Bir gün sonra yirmi bin öğrenci sokağa döküldü. Sokaklara barikat kuran ve polisle çatışan öğrencilerden yüzlercesi yaralandı ve tutuklandı. Olaylar hızla gelişiyordu. 13 Mayıs'a gelindiğinde bir milyon insan Paris'de sokaklardaydı. Bu kez karşılarında polis yoktur. Öğrenciler Sorbonne Üniversitesini işgal eder ve “halk Üniversitesi„ kurduklarını ilân ederler. Otokrasiye karşı çıkarlar. Bireylerin özgürlüğü, cinsel ayrımcılığın kaldırılması ve başta Vietnam Savaşı olmak üzere dünyadaki savaşların durdurulması temel talepleri arasındadır.
Halktan ve işçilerden güçlü bir destek görürler. Başlangıçta Fransız Komünist Partisinin karşı çıkmasına rağmen, işçiler fabrikaları işgal edip grevlere başlarlar. Grev kararı her fabrikada tek tek, işçilerin katıldığı toplantılarda alınmıştı. Bu girişim sendikaların da demokratik adımlar atmasına neden oldu. Talepleri sadece ücretlerin artırılması değildir. Hükümetin istifa etmesini ve fabrikaların kendilerine devredilmesini talep ederler.On milyon işçi grevdedir. Sonuçta işçilerin ücretlerinde yüzde 37 gibi yüksek bir artış sağlanır.
Olayların gelişmesi üzerine Cumhurbaşkanı De Gaulle parlamentoyu fesh ederek, kendisi de yurt dışına kaçar. Ve yeni seçimlerin yapılacağını, işgal olaylarına son verilmezse, sıkı yönetim ilan edileceğini açıklar.
Bu kez De Gaulle'ü destekleyen sekiz yüz bin kişi Champ Elysee Bulvar'ında yürüyüş yapar. Tutuklu öğrencilerin serbest bırakılmasının ardından yapılan seçimlerde De Gaulle'ün partisi büyük bir çoğunlukla parlemantoya girer.
Olaylar yatışmış ama öğrencilerin başlattığı ayaklanma Fransa'da birçok demokratik hakkın gerçekleşmesine neden olmuştur.
68 ayaklanması kültürel ve toplumsal alanda kalıcı etkiler bırakmıştır. Eğitimde ifade özgürlüğü gelişmiş. Öğrenciler ve ebeveynler okul meclislerine katılmaya hak kazanmışlardır.
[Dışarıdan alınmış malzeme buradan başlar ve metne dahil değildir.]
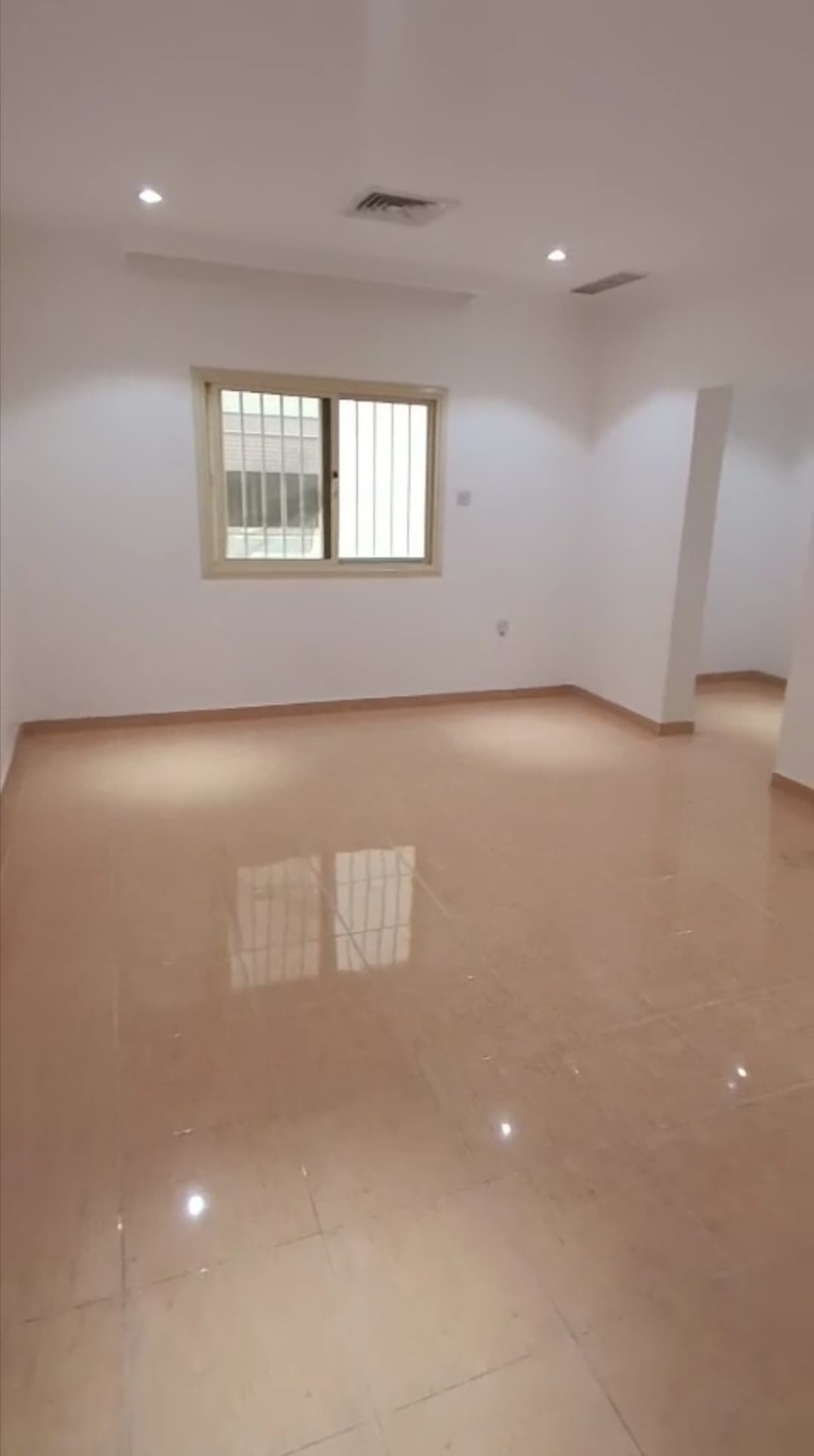 للايجار دور و ربع بالشهداء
FEDERAL ALMANYA CUMHURİYETİ
1968 olayları Federal Almanya'da gerek başlangıç nedenleri, gerekse sonuçları bakımından diğer ülkelerden oldukça farklıdır.
1967 yılında Nazi Partisi tüm eyalet parlamentolarında sandalye sahibiydi. Halkın büyük bir kesimi merkezi bu partinin merkezi parlamentoya girmesinden korku duyuyordu. Bu gerçekleşirse, 1930 larda olduğu gibi “demokratik“ yollardan faşizmin tekrar hortlayacağından endişe ediliyordu. Üstelik 1967'de hükümet olağanüstü hal kanunu çıkarmak istiyordu. Parlamentonun dışındaki APO(Parlamento Dışı Muhalefet) hareketi bu kanun çıkarılmasını engellemek için çaba harcıyordu.
1967'de İran Şahı'nın Almanya'ya gelişi nedeniyle yapılan gösterilerde, polisin saldırısı sonucu ölen ve yaralanan gençler olmuştu.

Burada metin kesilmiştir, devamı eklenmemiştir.